La précision des projections de M. Davis a de quoi laisser perplexe, mais il insiste sur le fait qu’elles ne sont pas faites à la légère. « Ce ne sont pas de simples chiffres. Je n’invente rien. C’est ce qui ressort de notre modèle scientifique », a-t-il déclaré.
Cette mise en garde intervient à un moment où les rendements augmentent. Les rendements à dix ans ont augmenté de 4,6 % cette semaine, tandis que ceux à 30 ans ont dépassé les 5 % après que Moody’s a revu à la baisse ses perspectives concernant la dette du gouvernement américain. Les investisseurs suivent de près l’avancement d’un projet de réduction des dépenses et de réforme fiscale et s’inquiètent de plus en plus de la dépendance continue de Washington à l’égard des marchés obligataires pour financer des déficits croissants.
M. Davis a souligné qu’il ne s’agit pas de prévisions à court terme, mais de scénarios fondés sur des probabilités élaborés à partir d’un nouveau modèle économique qui tient compte de l’intelligence artificielle, de la démographie et des tendances budgétaires. « Nous ne disons pas que cela va se produire à court terme », a-t-il expliqué à un groupe de journalistes à New York. « Mais nous attribuons des probabilités à des scénarios qui sont largement sous-estimés par les marchés. »
Pénuries et IA
Le modèle de M. Davis s’articule autour de deux forces opposées : l’effet inhibiteur de l’augmentation des déficits structurels et la stimulation potentielle apportée par l’intelligence artificielle.
« Nous sommes dans une épreuve de force, a-t-il affirmé. D’une part, les pénuries structurelles et le vieillissement de la population. D’autre part, le potentiel de l’IA à générer une augmentation de la productivité que l’on ne voit qu’une fois par génération. »
Vanguard attribue une probabilité de 50 % au scénario fondé sur l’IA, dans lequel l’automatisation permet à la croissance du PIB américain d’atteindre 3 % ou plus. La probabilité d’un scénario dominé par le déficit — où les emprunts publics constamment renouvelés évincent l’investissement privé et font grimper les taux d’intérêt — est de 35 %. La probabilité que la situation actuelle de faible croissance et de faible inflation se poursuive n’est que de 17 %.
La hausse prévue des taux d’intérêt découle directement du scénario de déficit. « Ce n’est pas une question de niveau d’endettement ou de ratio d’endettement en soi », a déclaré M. Davis à Nasdaq. « Il n’y a même pas de corrélation entre les niveaux d’endettement et la croissance économique future. Il s’agit du déficit structurel, du fait que ces déficits ne cessent de se creuser d’année en année. »

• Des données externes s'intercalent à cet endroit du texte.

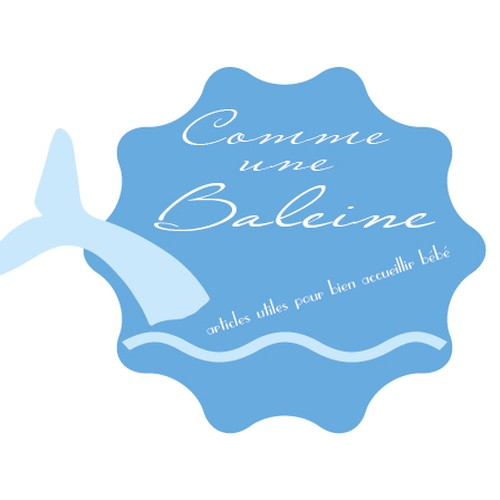 Logo design contest entry by LEUCHI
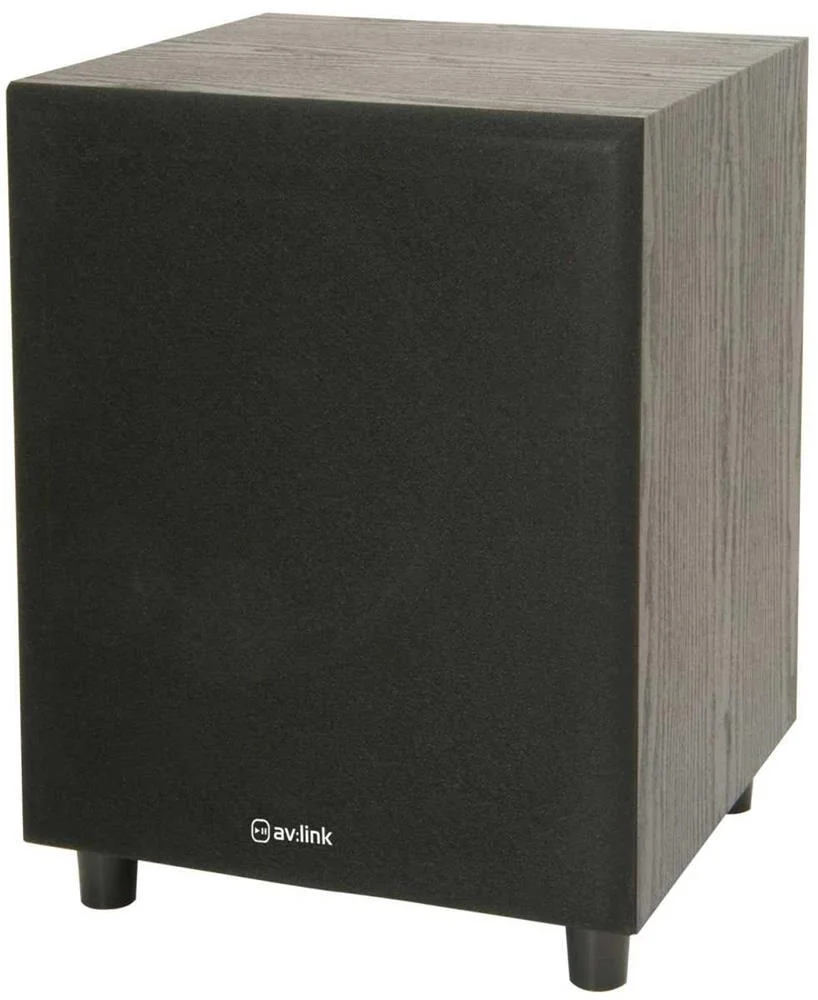 M8s Active Sub Cabinet 8in 100w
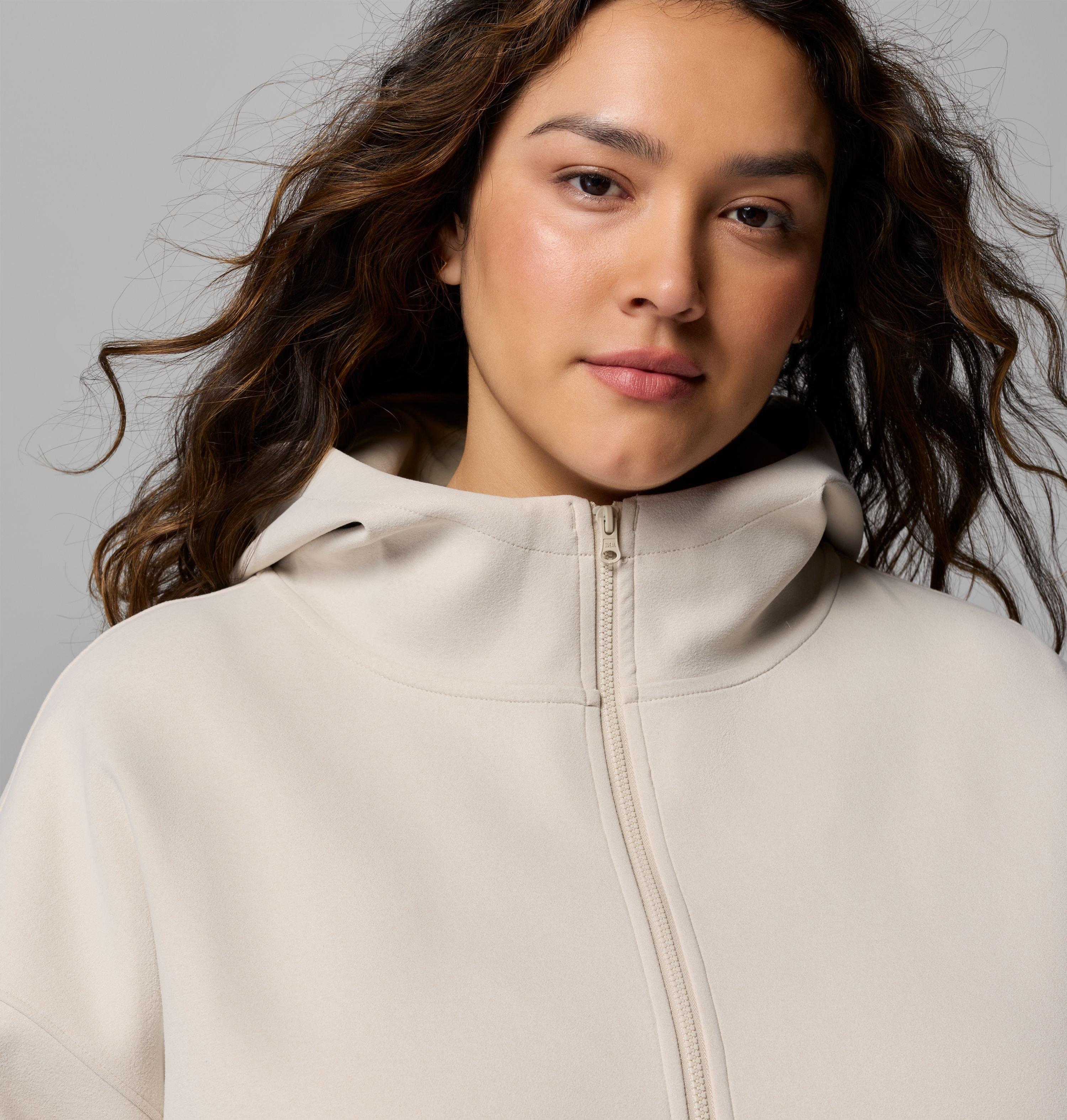 Women's Amazesweats Full Zip Hoodie - Plus Size | 278 | 3X 6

Cet élément, a-t-il ajouté, a atteint « un point culminant depuis les années 1970. » Selon M. Davis, il est « corrélé à plus de 70 % avec l’inflation attendue depuis les 100 dernières années ainsi qu’avec les taux d’intérêt à long terme », et constitue un facteur clé du taux d’intérêt neutre.
Selon lui, les marchés commencent à peine à réagir. « Pour l’instant, le phénomène est encore limité », dit M. Davis. « Mais les gros titres récents suggèrent que le problème pourrait bien s’accentuer à l’avenir. »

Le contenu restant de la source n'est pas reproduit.